Anti-German () is the generic name applied to a variety of theoretical and political tendencies within the left mainly in Germany and Austria. The Anti-Germans form one of the main camps within the broader Antifa movement, alongside the Anti-Zionist anti-imperialists, after the two currents split between the 1990s and the early 2000s as a result of their diverging views on Israel. The anti-Germans are a fringe movement within the German left: In 2006 Deutsche Welle estimated the number of anti-Germans to be between 500 and 3,000.
The basic standpoint of the anti-Germans includes opposition to German nationalism, a critique of mainstream left anti-capitalist views, which are thought to be simplistic and structurally antisemitic, and a critique of antisemitism, which is considered to be deeply rooted in German cultural history. As a result of this analysis of antisemitism, support for Israel and opposition to Anti-Zionism is a primary unifying factor of the anti-German movement. The critical theory of Theodor Adorno and Max Horkheimer is often cited by anti-German theorists.

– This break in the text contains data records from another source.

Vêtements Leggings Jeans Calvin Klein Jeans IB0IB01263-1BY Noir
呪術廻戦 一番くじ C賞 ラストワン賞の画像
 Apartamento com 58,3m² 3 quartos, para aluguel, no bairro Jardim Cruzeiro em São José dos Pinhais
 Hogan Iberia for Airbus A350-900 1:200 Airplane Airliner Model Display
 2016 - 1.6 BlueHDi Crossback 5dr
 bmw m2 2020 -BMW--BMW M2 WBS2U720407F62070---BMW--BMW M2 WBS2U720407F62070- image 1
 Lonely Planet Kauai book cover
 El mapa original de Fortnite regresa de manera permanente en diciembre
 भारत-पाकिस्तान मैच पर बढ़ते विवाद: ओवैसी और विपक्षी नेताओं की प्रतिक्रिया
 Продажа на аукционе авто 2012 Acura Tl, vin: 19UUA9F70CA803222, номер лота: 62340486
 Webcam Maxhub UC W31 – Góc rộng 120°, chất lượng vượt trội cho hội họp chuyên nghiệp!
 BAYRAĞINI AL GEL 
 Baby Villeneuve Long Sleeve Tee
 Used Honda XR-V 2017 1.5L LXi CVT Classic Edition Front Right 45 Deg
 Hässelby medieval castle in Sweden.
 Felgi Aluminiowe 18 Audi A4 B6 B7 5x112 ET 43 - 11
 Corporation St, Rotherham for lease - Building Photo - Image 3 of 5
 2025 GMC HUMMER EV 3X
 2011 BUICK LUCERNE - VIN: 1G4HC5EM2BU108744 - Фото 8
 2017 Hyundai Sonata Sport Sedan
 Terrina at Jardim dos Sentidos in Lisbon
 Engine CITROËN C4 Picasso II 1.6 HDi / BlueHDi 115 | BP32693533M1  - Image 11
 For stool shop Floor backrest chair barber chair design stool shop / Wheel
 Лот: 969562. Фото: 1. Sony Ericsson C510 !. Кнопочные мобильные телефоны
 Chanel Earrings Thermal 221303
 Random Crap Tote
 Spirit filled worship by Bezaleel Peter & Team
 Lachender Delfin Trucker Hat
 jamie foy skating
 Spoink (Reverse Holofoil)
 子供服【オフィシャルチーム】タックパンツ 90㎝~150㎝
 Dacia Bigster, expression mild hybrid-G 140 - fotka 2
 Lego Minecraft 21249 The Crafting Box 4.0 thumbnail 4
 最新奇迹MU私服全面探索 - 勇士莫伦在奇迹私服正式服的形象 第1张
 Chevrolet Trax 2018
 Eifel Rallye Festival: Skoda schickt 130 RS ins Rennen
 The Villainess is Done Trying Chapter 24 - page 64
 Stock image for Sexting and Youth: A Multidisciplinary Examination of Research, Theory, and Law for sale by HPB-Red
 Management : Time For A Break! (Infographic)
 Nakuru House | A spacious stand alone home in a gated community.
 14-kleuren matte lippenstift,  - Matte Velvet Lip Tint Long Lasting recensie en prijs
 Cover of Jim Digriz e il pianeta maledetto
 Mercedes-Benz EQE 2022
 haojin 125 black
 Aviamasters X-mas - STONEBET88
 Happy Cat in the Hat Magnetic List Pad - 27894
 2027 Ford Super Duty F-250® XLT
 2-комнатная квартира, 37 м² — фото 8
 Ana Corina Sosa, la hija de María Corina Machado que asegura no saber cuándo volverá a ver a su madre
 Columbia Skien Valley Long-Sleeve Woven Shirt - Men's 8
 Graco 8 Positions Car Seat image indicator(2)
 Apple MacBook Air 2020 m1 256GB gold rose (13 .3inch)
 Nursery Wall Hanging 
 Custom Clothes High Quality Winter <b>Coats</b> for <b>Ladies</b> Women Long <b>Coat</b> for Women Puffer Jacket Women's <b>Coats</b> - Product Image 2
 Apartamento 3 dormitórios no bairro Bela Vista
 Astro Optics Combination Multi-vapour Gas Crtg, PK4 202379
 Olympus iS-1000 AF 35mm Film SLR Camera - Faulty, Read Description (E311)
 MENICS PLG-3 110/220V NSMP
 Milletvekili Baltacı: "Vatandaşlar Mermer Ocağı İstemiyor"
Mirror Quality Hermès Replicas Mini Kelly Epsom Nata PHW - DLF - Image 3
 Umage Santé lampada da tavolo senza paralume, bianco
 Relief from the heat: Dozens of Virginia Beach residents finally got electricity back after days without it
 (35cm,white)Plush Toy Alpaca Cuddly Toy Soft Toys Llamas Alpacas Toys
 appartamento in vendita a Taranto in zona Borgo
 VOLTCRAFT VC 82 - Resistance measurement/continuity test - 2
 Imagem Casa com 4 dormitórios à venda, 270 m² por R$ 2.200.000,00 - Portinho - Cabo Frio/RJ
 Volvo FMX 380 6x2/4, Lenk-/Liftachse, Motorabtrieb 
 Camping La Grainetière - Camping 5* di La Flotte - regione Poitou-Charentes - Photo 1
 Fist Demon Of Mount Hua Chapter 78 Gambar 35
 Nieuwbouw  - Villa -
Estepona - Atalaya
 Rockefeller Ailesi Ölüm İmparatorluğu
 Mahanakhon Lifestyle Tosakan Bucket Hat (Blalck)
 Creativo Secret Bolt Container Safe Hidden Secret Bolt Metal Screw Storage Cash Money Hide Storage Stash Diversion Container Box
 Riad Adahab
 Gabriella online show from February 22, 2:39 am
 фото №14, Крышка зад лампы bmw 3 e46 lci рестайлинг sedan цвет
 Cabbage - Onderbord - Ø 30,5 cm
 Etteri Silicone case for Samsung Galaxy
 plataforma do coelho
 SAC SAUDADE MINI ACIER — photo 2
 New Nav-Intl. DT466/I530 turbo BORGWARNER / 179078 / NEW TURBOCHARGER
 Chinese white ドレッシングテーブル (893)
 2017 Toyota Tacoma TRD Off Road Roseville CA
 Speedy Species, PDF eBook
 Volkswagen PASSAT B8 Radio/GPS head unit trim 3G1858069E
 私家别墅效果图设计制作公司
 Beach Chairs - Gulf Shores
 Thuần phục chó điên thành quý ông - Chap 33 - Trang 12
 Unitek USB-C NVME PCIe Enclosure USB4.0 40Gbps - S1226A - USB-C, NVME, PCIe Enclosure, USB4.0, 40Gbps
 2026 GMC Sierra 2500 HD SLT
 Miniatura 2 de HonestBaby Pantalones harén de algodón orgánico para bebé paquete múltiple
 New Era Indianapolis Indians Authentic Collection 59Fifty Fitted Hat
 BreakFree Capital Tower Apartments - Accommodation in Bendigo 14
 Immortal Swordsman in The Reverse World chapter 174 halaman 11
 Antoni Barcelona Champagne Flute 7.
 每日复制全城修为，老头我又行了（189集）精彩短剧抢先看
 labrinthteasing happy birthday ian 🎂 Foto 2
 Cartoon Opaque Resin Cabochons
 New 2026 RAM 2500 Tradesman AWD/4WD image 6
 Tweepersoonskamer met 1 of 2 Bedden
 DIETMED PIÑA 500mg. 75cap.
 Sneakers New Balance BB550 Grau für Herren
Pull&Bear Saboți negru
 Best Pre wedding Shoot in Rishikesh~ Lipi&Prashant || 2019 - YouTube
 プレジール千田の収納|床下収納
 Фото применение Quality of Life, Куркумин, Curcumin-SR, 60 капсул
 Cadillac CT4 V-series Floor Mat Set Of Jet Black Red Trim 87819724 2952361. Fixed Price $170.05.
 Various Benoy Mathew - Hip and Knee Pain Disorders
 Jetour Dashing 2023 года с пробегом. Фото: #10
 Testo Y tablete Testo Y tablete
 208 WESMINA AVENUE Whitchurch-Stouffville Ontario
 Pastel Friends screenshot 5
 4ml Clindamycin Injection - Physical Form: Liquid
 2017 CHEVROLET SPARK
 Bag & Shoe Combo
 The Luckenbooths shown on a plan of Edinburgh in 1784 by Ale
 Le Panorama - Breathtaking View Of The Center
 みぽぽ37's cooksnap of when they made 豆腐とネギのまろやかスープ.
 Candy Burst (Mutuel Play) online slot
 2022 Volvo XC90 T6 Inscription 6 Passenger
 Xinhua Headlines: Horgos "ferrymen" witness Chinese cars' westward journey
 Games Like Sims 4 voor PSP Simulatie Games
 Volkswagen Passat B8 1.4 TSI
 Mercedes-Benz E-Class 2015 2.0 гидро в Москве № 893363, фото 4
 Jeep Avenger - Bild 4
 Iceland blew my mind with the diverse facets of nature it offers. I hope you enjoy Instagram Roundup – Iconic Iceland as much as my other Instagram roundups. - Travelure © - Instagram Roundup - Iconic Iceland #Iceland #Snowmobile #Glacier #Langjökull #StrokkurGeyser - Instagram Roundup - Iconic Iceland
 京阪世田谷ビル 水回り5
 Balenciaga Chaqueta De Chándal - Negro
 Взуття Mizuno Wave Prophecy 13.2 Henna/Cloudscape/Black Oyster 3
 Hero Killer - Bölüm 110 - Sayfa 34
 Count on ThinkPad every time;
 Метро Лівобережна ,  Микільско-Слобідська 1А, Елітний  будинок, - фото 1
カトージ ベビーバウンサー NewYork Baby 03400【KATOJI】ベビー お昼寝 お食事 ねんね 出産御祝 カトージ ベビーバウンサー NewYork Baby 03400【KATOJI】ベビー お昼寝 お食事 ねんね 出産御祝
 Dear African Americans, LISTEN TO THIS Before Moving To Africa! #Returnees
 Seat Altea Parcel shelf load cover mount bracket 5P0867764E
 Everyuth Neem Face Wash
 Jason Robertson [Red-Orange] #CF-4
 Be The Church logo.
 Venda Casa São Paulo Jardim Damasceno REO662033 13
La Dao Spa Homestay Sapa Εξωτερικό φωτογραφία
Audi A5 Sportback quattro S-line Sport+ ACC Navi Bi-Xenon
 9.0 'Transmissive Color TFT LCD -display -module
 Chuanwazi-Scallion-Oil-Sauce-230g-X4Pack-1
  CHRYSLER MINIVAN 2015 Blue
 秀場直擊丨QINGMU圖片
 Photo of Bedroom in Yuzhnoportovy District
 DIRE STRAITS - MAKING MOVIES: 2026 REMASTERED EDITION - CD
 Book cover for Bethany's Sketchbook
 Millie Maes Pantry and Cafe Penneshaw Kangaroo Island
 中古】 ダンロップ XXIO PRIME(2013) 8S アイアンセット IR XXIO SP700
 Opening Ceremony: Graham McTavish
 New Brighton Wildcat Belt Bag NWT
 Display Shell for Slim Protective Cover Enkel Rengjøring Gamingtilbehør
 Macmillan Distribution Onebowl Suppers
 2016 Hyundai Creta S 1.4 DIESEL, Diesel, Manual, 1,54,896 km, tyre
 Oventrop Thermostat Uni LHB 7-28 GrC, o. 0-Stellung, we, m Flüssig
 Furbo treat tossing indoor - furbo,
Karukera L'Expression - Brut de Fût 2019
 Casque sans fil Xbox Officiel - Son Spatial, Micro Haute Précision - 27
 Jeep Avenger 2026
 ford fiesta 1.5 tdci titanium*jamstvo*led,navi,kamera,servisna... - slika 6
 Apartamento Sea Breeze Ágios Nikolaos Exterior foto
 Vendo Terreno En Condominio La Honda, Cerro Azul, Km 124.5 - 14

The term does not generally refer to any one specific radical left tendency, but rather a wide variety of distinct currents, ranging from the so-called "hardcore" anti-Germans such as the quarterly journal Bahamas to "softcore" anti-Germans such as the radical left journal Phase 2. Some anti-German ideas have also exerted an influence on the broader radical leftist milieu, such as the monthly magazine konkret and the weekly newspaper Jungle World.

Emergence 
The rapid collapse of the German Democratic Republic and the looming reunification of Germany triggered a major crisis within the German Left. The Anti-German tendency first developed in a discussion group known as the Radical Left, which consisted of elements of the German Green Party, Trotskyists, members of the Communist League (Kommunistischer Bund), the journal konkret, and members of Autonome, Libertarian and Anarchist groups, who rejected plans by other segments of Leftist political organisations to join a governing coalition. This circle adopted a position developed by the Kommunistischer Bund, a decidedly pessimistic analysis with regard to the potential for revolutionary change in Germany. Known as the "Fascisation" analysis, this theory held that due to the particularity of German history and development, the endemic crisis of capitalism would lead to a move towards the far right and to a new Fascism.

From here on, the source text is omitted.